Arrecia el calor.
He dejado de preocuparme por saber cuánto marca el termómetro cada día porque
sé que fácilmente superamos los treinta grados en esta llanura bañada por la
tierra y la basura a partes iguales. Estamos a la espera de las lluvias. La
sequía azota todo el valle como nunca se ha visto antes, que ni siquiera
exudamos sudor, pero el aire caliente nos rodea como a pollos rostizados. A
estas horas de la tarde el viento silba en los aleros y hace traquetear los
picaportes de mis ventanas. En un momento saldré a la terraza y veré con
desazón que otra vez ha caído polvo fino como todas las tardes. La silueta del
Tunari y las otras montañas que nos circundan se ven nítidas y despejadas de
humareda, si eso es acaso un consuelo.
Ni bien aparece
un cúmulo de nubes oscuras, a la media hora ya clarea el cielo porque la
permanente ventisca se lleva el agua a otra parte. Es verdad, ha habido amagues
de aguacero pero lo más que nos ha caído han sido unas insignificantes
lloviznas que no sirven para otra cosa que ensuciar el parabrisas de los autos.
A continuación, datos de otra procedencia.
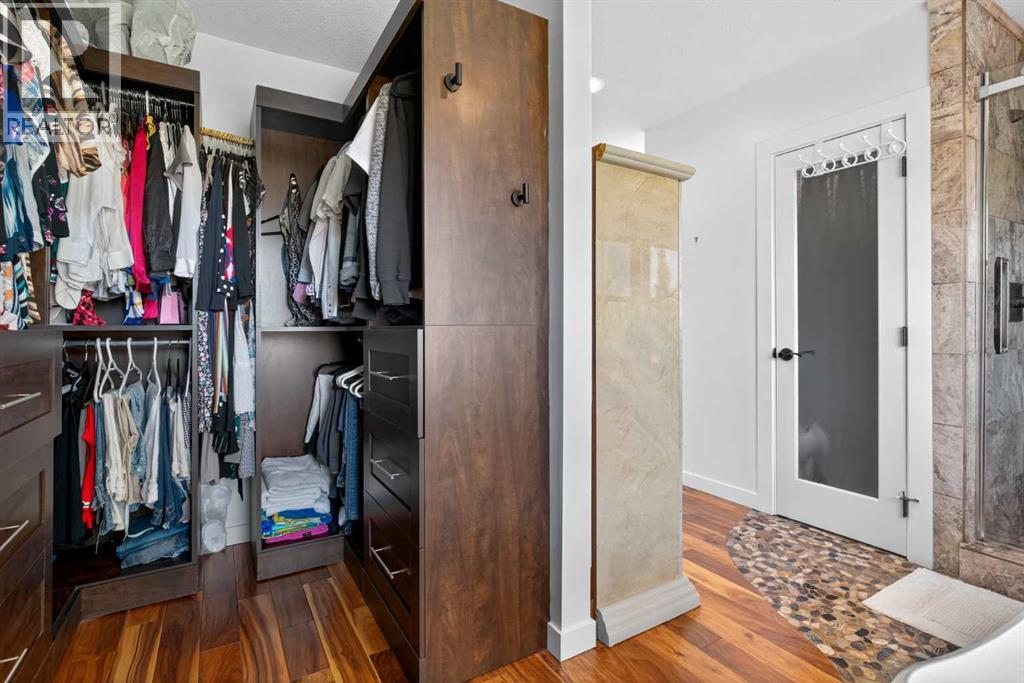 Photo 19 of 1612 50 Avenue Sw, Calgary AB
Sabe bien el olor a tierra mojada que desprenden algunos muros de adobe pero
sabría mejor darse una duchada a cielo descubierto con auténtico chaparrón.
En las más de dos
décadas que ya llevo viviendo en esta ciudad jamás la escasez de agua me había
afectado tan de cerca. Es obvio que soy un afortunado porque hay gente que
lleva toda la vida sin acceso a un decente suministro de agua potable,
especialmente en los barrios de la zona sud y aledaños. En muchos de esos
vecindarios los turriles metálicos son objetos omnipresentes en las entradas de
las casas, aguardando la llegada de los camiones cisternas que a veces deben
serpentear por intrincadas callejuelas y caminitos improvisados.
De ahí que hayan
aparecido como hongos las pequeñas embotelladoras de agua, que inundan con sus
botellones oficinas, hogares y negocios de toda laya. Floreciente negocio –y
muchas veces de dudosa calidad- que lucra con la necesidad de una ciudad
entera. Porque como todos sus habitantes saben, el agua del grifo no es bebible
en su estado puro, urge hervirla bien si uno no quiere estropearse el estómago
con infecciones o parásitos. Aun me sigo asombrando –a través de la
televisión- que en otros países la gente puede saciar su sed con agua del
fregadero de la cocina. Impensable tales sofisticaciones en estas latitudes
donde, no obstante, nos muestran spots con aguas cristalinas y puras que
parecen surgidas de la misma cordillera. El fin de semana, aprovechando que el tanque
del subsuelo estaba casi vacío, procedimos a lavarlo completamente luego de
remover el cieno que se había acumulado durante meses. Parecía una chocolatada
todo aquel líquido. Más tarde cuando empezó a ingresar el agua de la red, se
podía ver claramente sobre el fondo celeste que igual se iban depositando
partículas de sedimento.
Las autoridades
de Semapa le echan la culpa de la suciedad a la vieja red de cañerías, como
andan justificando que aproximadamente el 40% del líquido se pierde en fugas y
roturas de nunca acabar. El viejo cuento que nos vienen contando hace años las
administraciones de turno sin que nadie se moje por asumir responsabilidades.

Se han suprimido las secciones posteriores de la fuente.